The Court criticized the practice of merely registering FIRs without pursuing them to finality. Referring to the Hon’ble Supreme Court’s decisions in State of N.C.T of Delhi vs Sanjay and Jayant v. State of Madhya Pradesh, the Bench held that prosecutions under the IPC and the MMDR Act are simultaneously maintainable. The Court further noted that abandoned mining pits had become “death traps” and “attractive nuisances,” violating the safety protocols under the Jharkhand Minor Mineral Concession Rules, 2004.
Citing the ‘Polluter Pays’ Principle from Indian Council for Enviro-Legal Action v. Union of India and the ‘Public Trust Doctrine’ from Fomento Resorts, the Court held that the state’s duty to protect natural resources is absolute.
The Decision
Disposing of the petition, the Court issued the following key directions:
- Mandatory Meetings: The DLTF, Hazaribagh, must convene at least once every month, with minutes uploaded to official websites within seven days.
- Verification of Permissions: The DLTF must review all statutory permissions (CTE, CTO, Explosive Licenses) for units in the Ichak region. No mining or crusher activity is permitted until all permissions are verified.
- Buffer Zones: Reiteration of a 1 km buffer zone around Hazaribagh Wildlife Sanctuary and specific restrictions for forest land (500m for mining, 400m for crushers).
- Technological Warfare: Implementation of a technology-driven regime including high-resolution CCTV at transit routes and mandatory GPS tracking on all heavy machinery within 12 weeks.

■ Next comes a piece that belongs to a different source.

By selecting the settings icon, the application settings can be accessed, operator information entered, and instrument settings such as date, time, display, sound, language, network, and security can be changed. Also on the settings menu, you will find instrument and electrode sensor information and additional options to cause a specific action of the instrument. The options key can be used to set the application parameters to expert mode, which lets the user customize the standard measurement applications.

- Legal Action: The District Mining Officer must initiate formal complaints under Section 22 of the MMDR Act and proceedings under Section 21(5) for recovery of the market value of illegally extracted minerals.
- Environmental Compensation: The Jharkhand State Pollution Control Board must assess and impose environmental compensation on non-compliant units within 12 weeks, applying the ‘Polluter Pays’ principle.

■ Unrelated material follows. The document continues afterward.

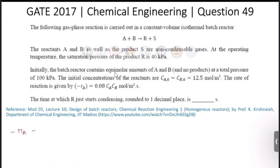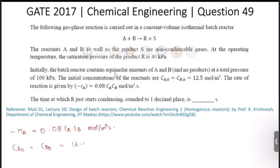The given data: reaction rate -rA = 0.08·cA·cB mol/m³·s, and ca0 = cb0 = 12.5 mol/m³. Let us write down the reaction and set up the stoichiometric table.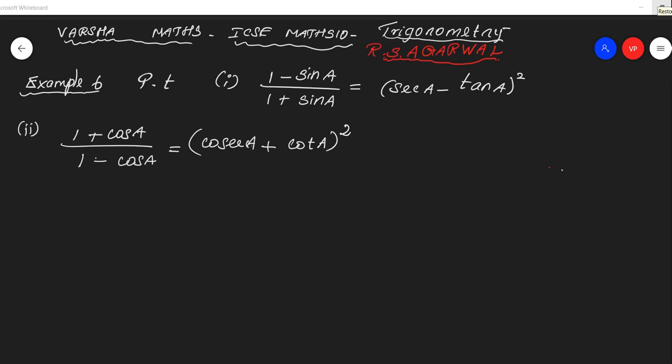This is Varsha Max, Class 10 trigonometry from R.S. Aggarwal book. This is example 6-1. Prove that (1 minus sin A) by (1 plus sin A) is equal to (sec A minus tan A) whole square.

- Reclamation: All abandoned or illegal mines must be secured and reclaimed within eight weeks using mine closure funds.
- Accountability: The Deputy Commissioner, SP, DMO, and Pollution Control Board officials must file individual compliance reports within four months.
The Court clarified that these directions do not preclude additional coercive measures or criminal prosecution against those conniving with illegal operators.
Case Title: Hemant Kumar Shikarwar vs. The State of Jharkhand & Ors.